Hinsichtlich der Beurteilung, welche Hilfe konkret geeignet und notwendig ist, steht dem Jugendamt ein Spielraum zu, der nur einer eingeschränkten verwaltungsgerichtlichen Kontrolle unterliegt (vgl. BayVGH, B.v. 7.8.2003 – 12 CE 03.842 – juris; BayVGH, B.v. 17.6.2004 – 12 CE 04.578 – juris; VG Würzburg, B.v. 11.4.2012 – W 3 E 12.161 -). Für den Erfolg des Prozesskostenhilfeantrages wäre es daher erforderlich, dass die Klägerin glaubhaft machen kann, dass allein die von ihr beantragte Hilfeform notwendig und geeignet ist, ihre Persönlichkeitsentwicklung und ihre Fähigkeiten zur eigenverantwortlichen Lebensführung zu fördern (vgl. BVerwG, U.v. 23.9.1999 – 5 C 26/98 – juris Rn. 10; BayVGH, B.v. 10.10.2011 – 12 CE 11.2215 – juris).

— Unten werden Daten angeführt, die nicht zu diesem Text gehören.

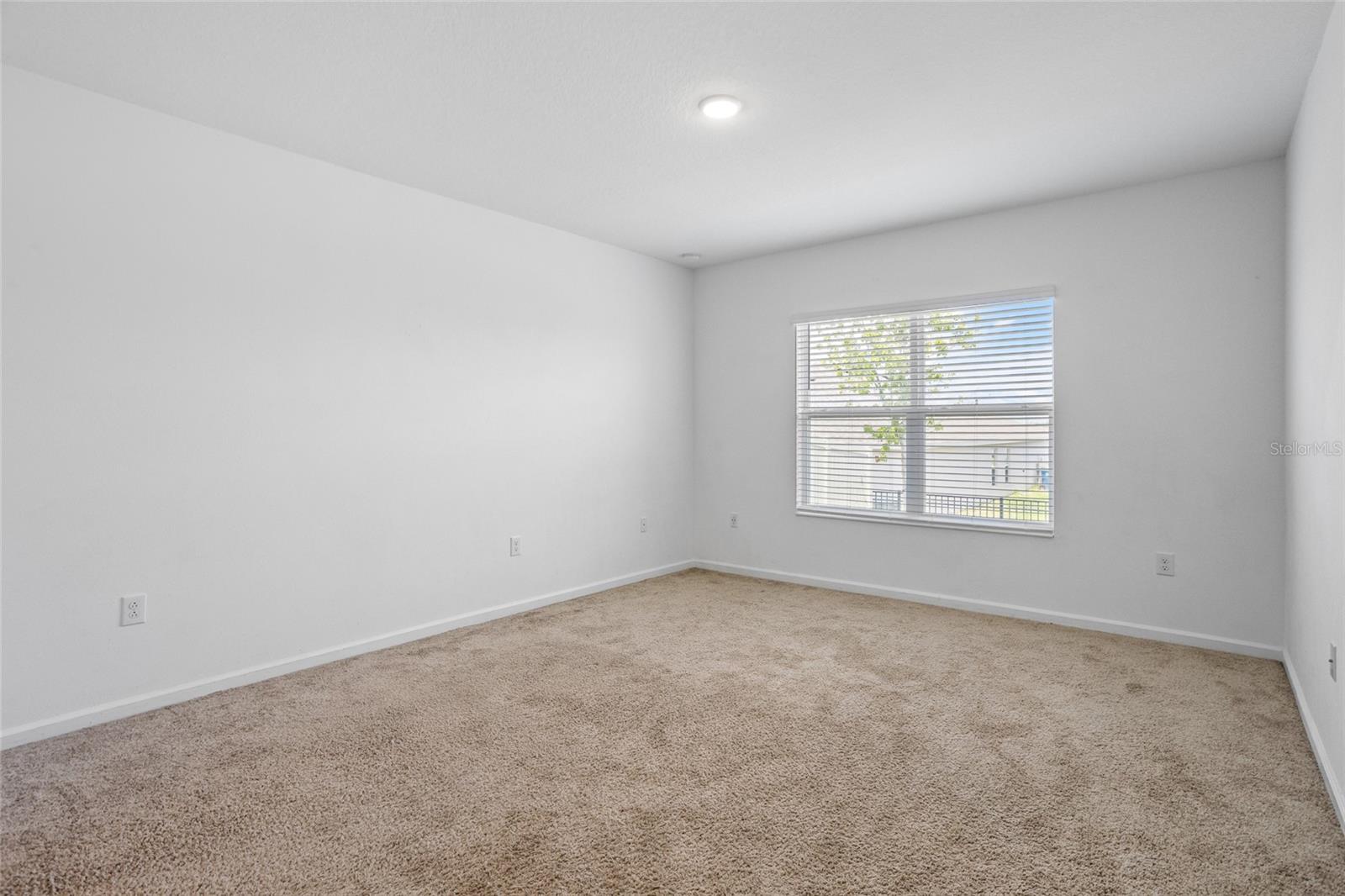 4022 ALISSA LN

Zum Zeitpunkt der Entscheidungsreife des Prozesskostenhilfebeschlusses war zum einen gar nicht absehbar, welche „therapeutische Jugendhilfeeinrichtung“ überhaupt für die Klägerin in Betracht käme. Vor allem war aber nicht absehbar, ob der aufgrund der Schwere des Krankheitsbildes erforderliche psychiatrische und therapeutische Bedarf überhaupt von einer Jugendhilfeeinrichtung erbracht werden kann oder vielmehr eine weitere psychiatrische Behandlung erforderlich war. Deshalb hat die Beklagte eine stationäre Jugendhilfeeinrichtung als ungeeignet angesehen und befürchtet, der Krankheitsverlauf könne sich verschlechtern, weil die Maßnahme die Klägerin in jeglicher Hinsicht überfordern würde. Diese Einschätzung des Beklagten ist aufgrund der in den Akten vorliegenden ärztlichen Befundberichte durchaus nachvollziehbar. Insbesondere war zum Zeitpunkt der Bewilligungsreife des Prozesskostenhilfegesuchs nicht nachgewiesen, dass mittlerweile eine wesentliche Besserung des Gesundheitszustandes der Klägerin eingetreten ist. Erst diese Besserung des Gesundheitszustandes, die das Krankenhaus für P* …, P* … und P* … M* … L* … in der ärztlichen Bescheinigung vom 2. August 2016 bescheinigt hat, konnte diese Zweifel (des Jugendamts) zwar nicht ausräumen, aber lässt zumindest die Prognose zu, dass eine Jugendhilfemaßnahme geeignet sein kann, die Ziele des § 41 SGB VIII zu erreichen.
Aus diesem Grund konnte dem Prozesskostenhilfeantrag nicht stattgegeben werden.